*** Opening Dataset section ***
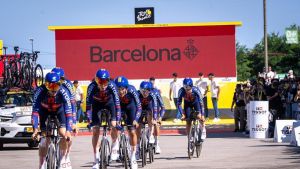 DIRECTO | El Tour arranca en Barcelona con miles de aficionados en las calles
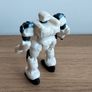 5 plastic action figures Image 3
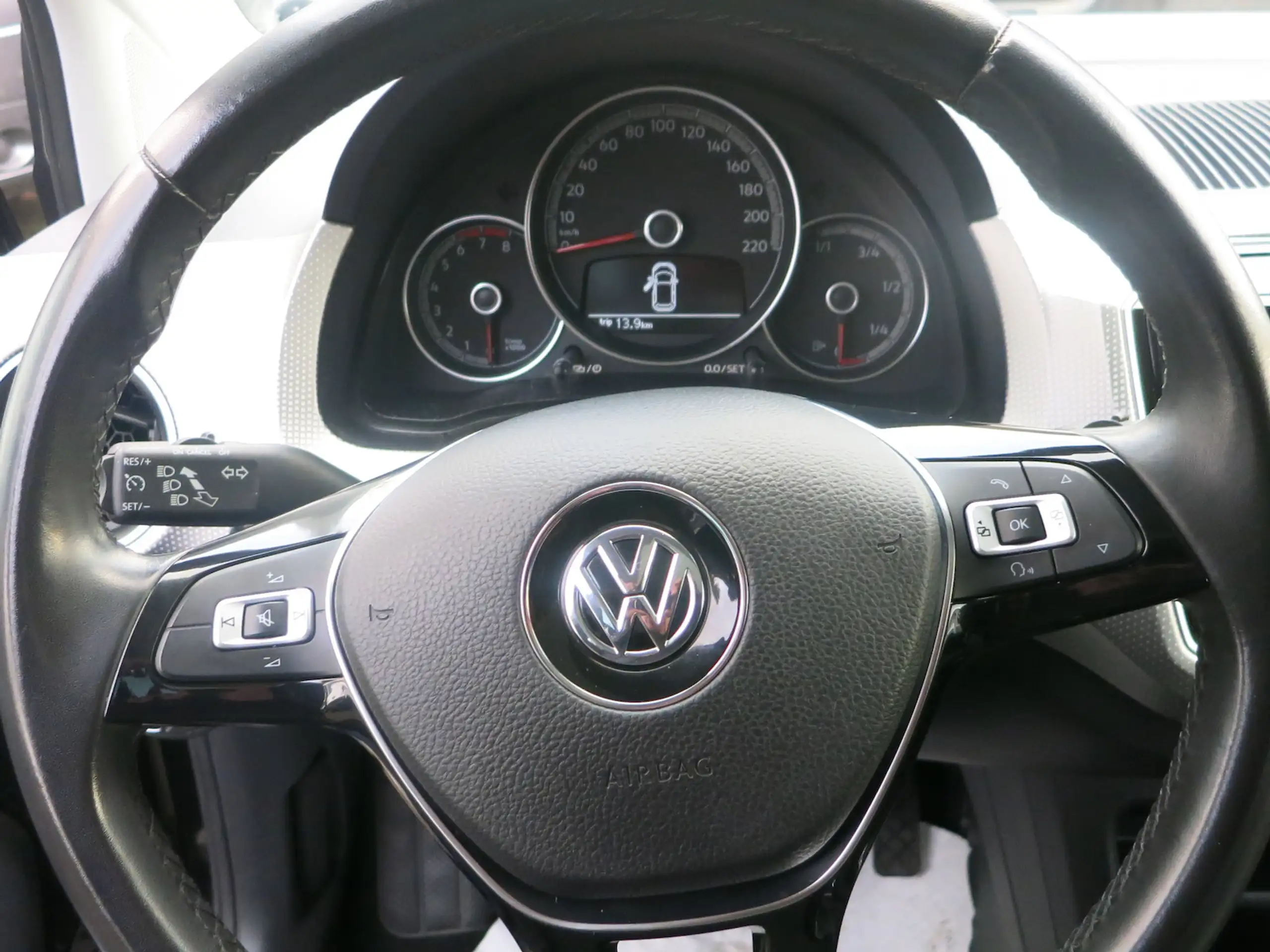 Volkswagen - up!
*** Closing Dataset section ***
When a picture appears in the material, please pass over it while retyping the rest exactly.

 DIRECTO | El Tour arranca en Barcelona con miles de aficionados en las calles
 5 plastic action figures Image 3
 Volkswagen - up!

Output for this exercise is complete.